Description of the task: Although the data holds pictures, return only the lines from the one containing "Getaway Villas Unit" to the end, exactly, and without them.

Information provided:
···

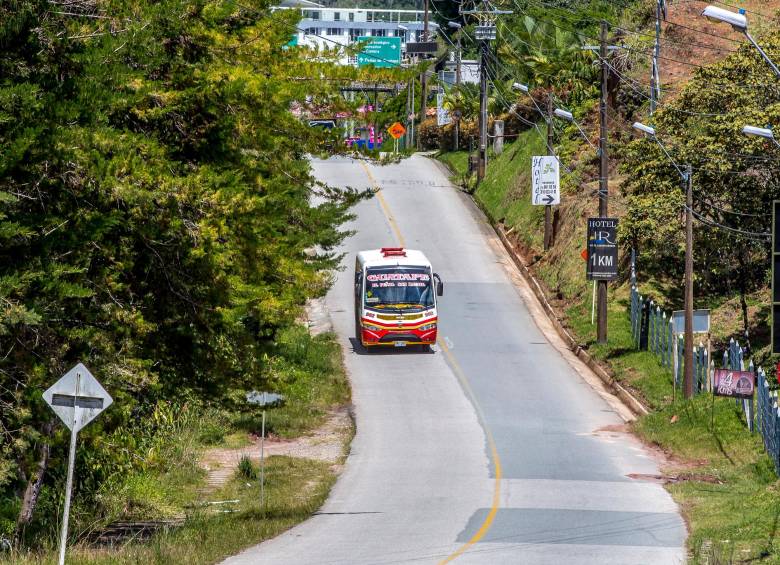 Moverse por la zona de los embalses se ha convertido en un dolor de cabeza para turistas y los habitantes locales. Desde hace 8 años no logra concretarse su intervención. FOTO JUAN ANTONIO SÁNCHEZ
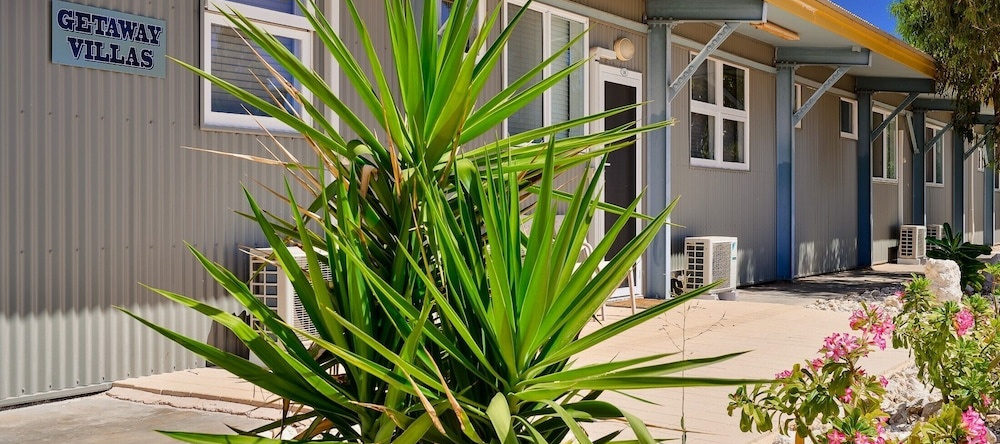 Getaway Villas Unit 38-1 - 1 Bedroom Disabled Friendly Accommodation, 埃克斯茅斯 — 照片 1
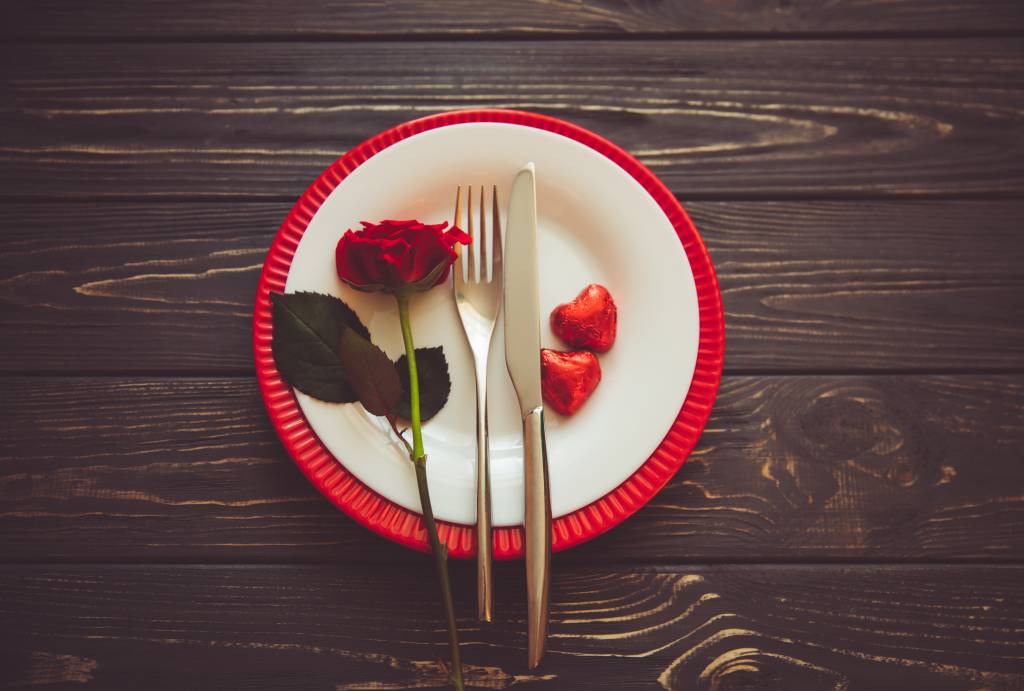 Dicas para quem vai recorrer ao delivery no Dia dos Namorados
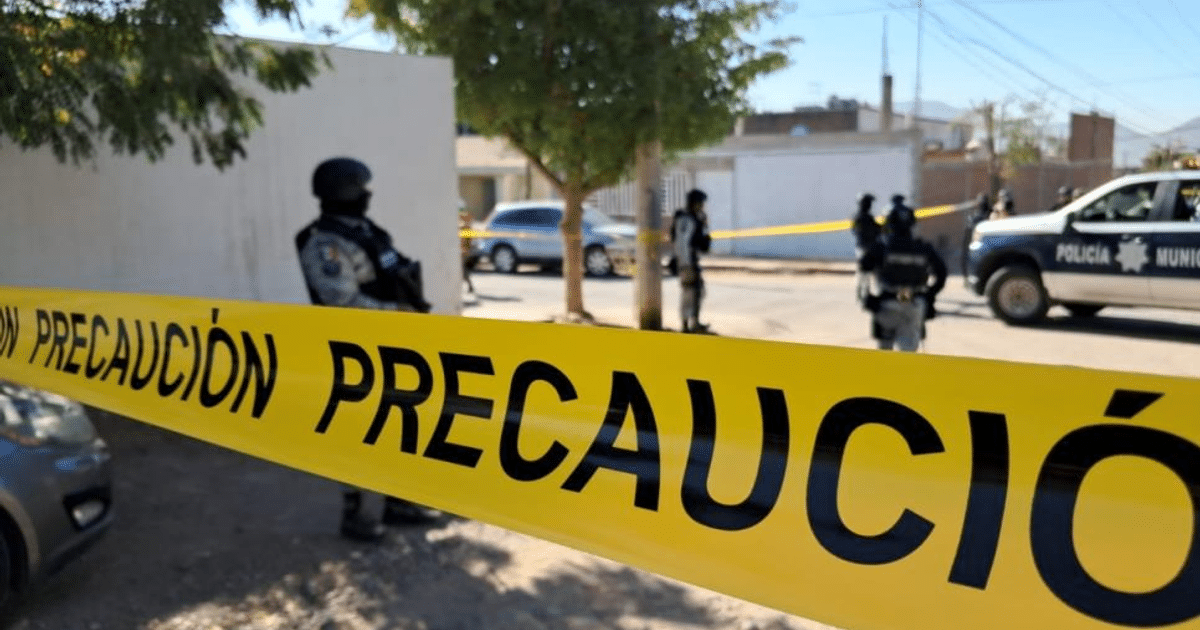 Operativo policial en Culiacán tras tiroteo fatal, con cinta de precaución y agentes en acción.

···

Exercise solution:
 Getaway Villas Unit 38-1 - 1 Bedroom Disabled Friendly Accommodation, 埃克斯茅斯 — 照片 1
 Dicas para quem vai recorrer ao delivery no Dia dos Namorados
 Operativo policial en Culiacán tras tiroteo fatal, con cinta de precaución y agentes en acción.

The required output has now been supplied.